The idea of renunciation is one of the fundamentals of all pseudo-religions. Its phenomenology has to be understood very deeply.
All the religions have been preaching a division between this world and that world which is beyond death – between the soul and the body. The body belongs to this world, the soul belongs to that world; hence if you want to achieve the world beyond death, which is eternal, and the happiness there is unending, then the happiness here is not worth calling happiness; it is momentary, it is dream stuff. It comes, and even before you have been able to grasp it, it is gone. It is illusory; it is a kind of mirage in the desert.
When you are far away you see a lake of water. You are thirsty and great hope arises in you. And the lake is absolutely real as far as you can see, because the proof of its reality, that water is there, is that the trees are being reflected in the water. If there is a mountain by the side, the mountain is reflected in the lake, the sun is reflected in the lake. What more proof do you need? Without water these reflections cannot happen. You rush with great hope, but as you come nearer, you find the lake is receding; the distance between you and the lake remains the same.
It was just an illusion created by sunrays reflected back from the hot desert sand. When sunrays are reflected back, they move like waves, and their movement from far away creates the illusion of water. And in their wave-like movement they attain the quality of reflecting things; they become just like a mirror. That is one half of the mirage.

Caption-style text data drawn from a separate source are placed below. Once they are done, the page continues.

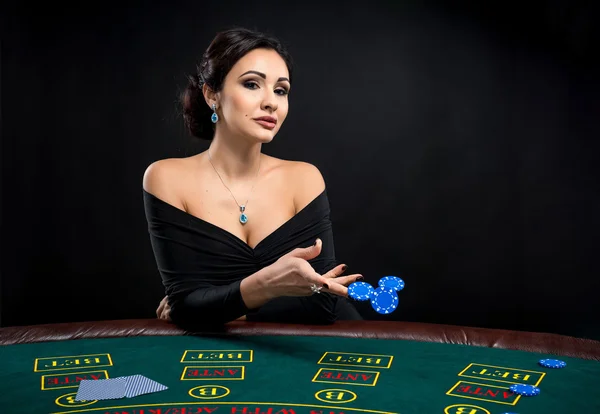 Sexy woman with poker cards and chips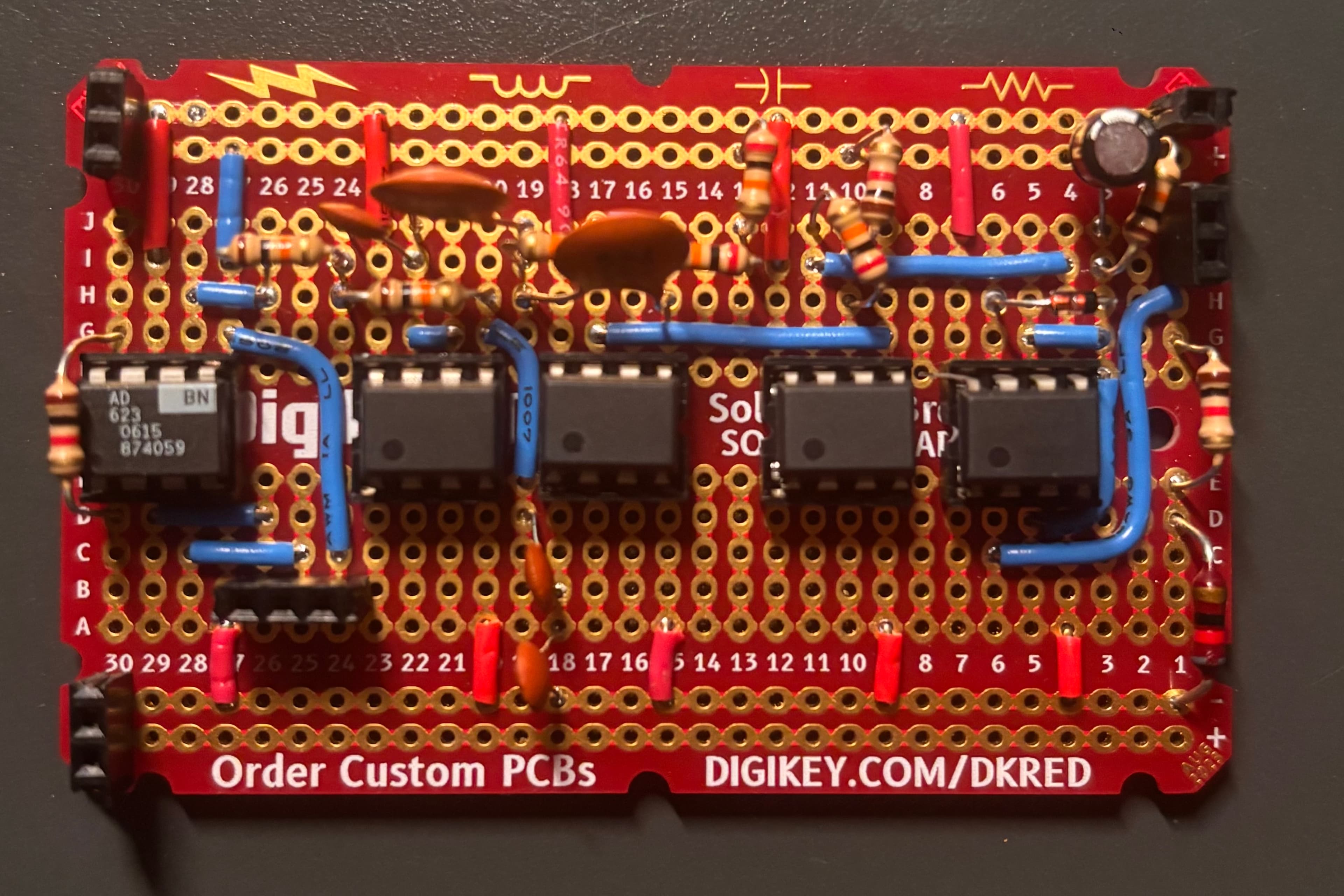 Hand-soldered perfboard — an instrumentation amplifier and four op-amps in a row, with resistors, capacitors, and jumper wires implementing the analog EMG front end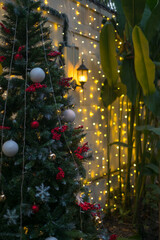 Decorated Christmas tree with christmas toys and garland. Happy new year. High quality photo.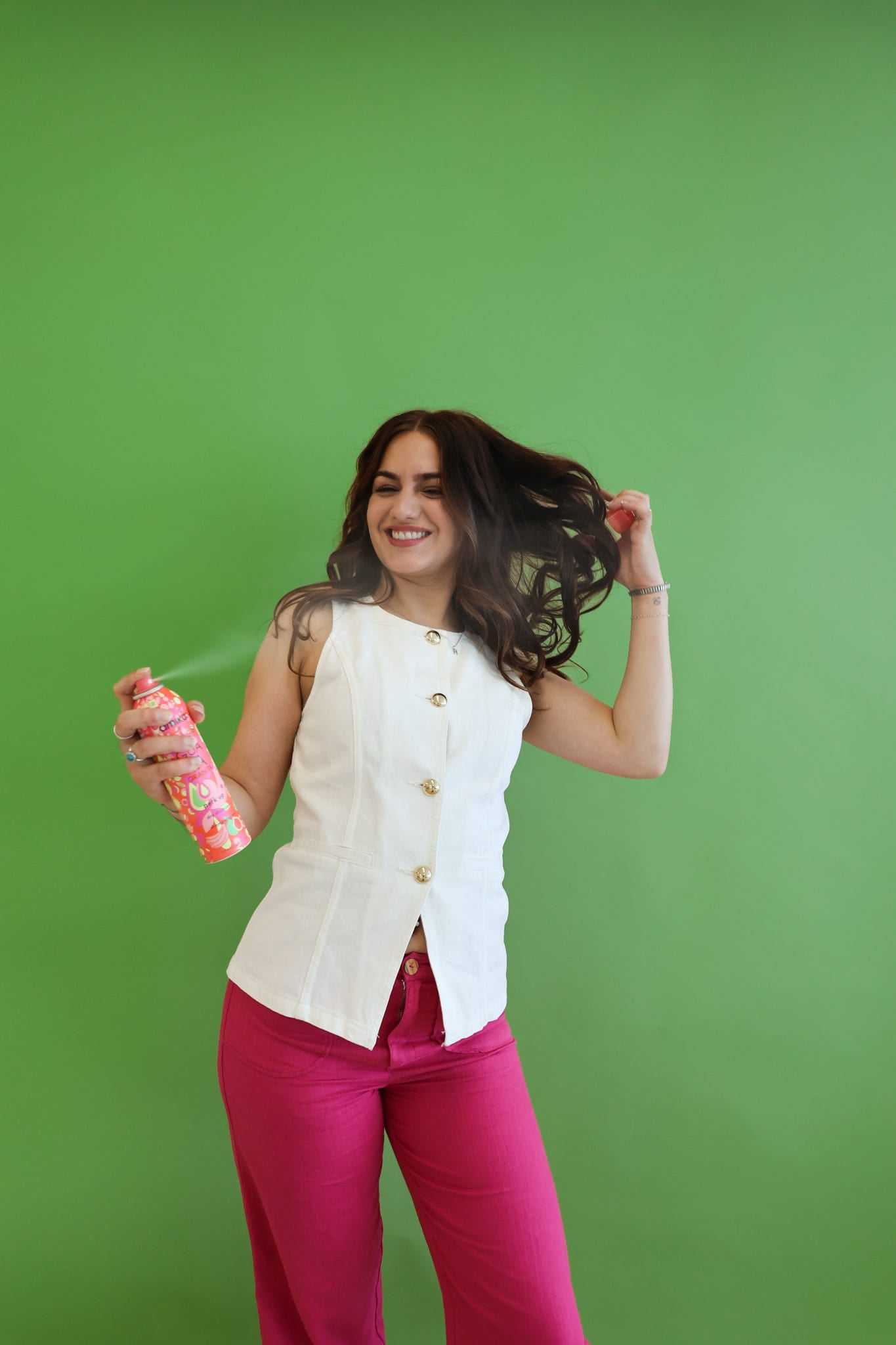 Woman in white top and pink pants sprays hair with can, standing against a green background.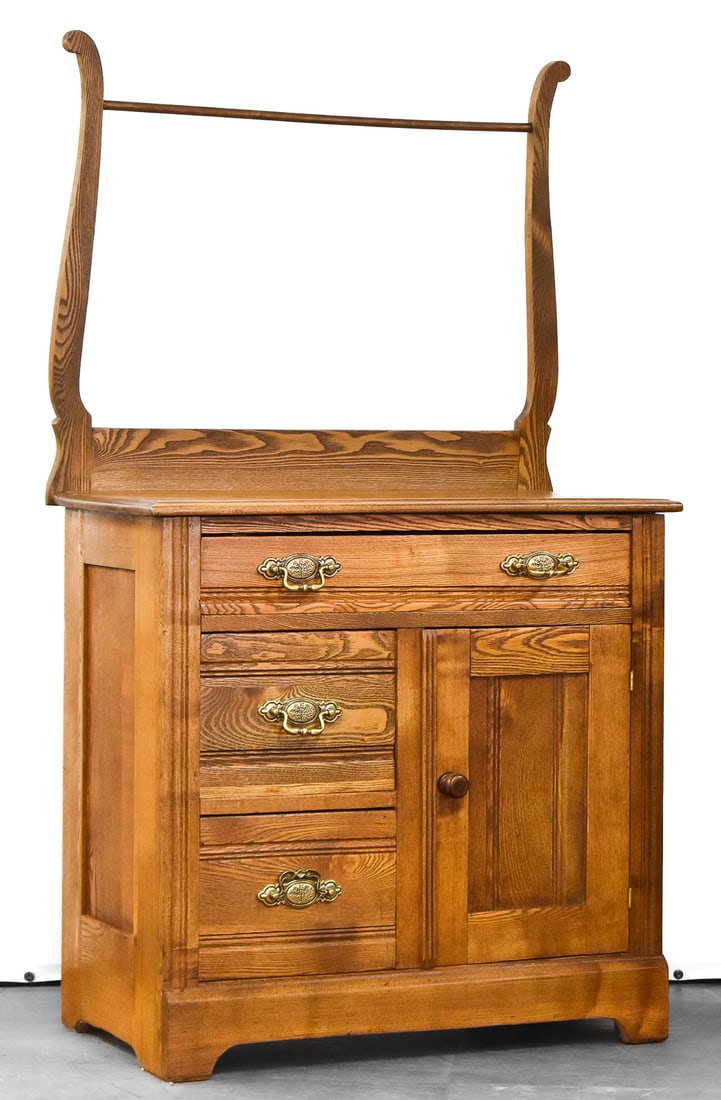 OAK WASHSTAND WITH TOWEL BAR; CIRCA EARLY 20TH CENTURY: An oak washstand with three drawers, side cabinet, towel bar, circa early 20th century. The item measures 51" H, 29" W, 15.5" D.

The other half is in your thirst. If you were not thirsty, perhaps you would have been able to detect, to find out that it was a mirage. You have seen mirages before; you know that mirages can appear almost as if they are real – but your thirst is there. The physical phenomenon of the returning rays of the sun gives half the reality to the mirage. The other, and the far more important half, is contributed by you and your thirst. You want to believe that it is true. Even if somebody was there trying to prove that it was not real, you would feel angry with this man: you are thirsty and the water is there and he is trying to prove that the water is illusory. He does not know what thirst means – perhaps he is not thirsty. There is no way to convince a thirsty man that what he is seeing is not the real thing. All that you see is not necessarily real. Appearance does not mean reality.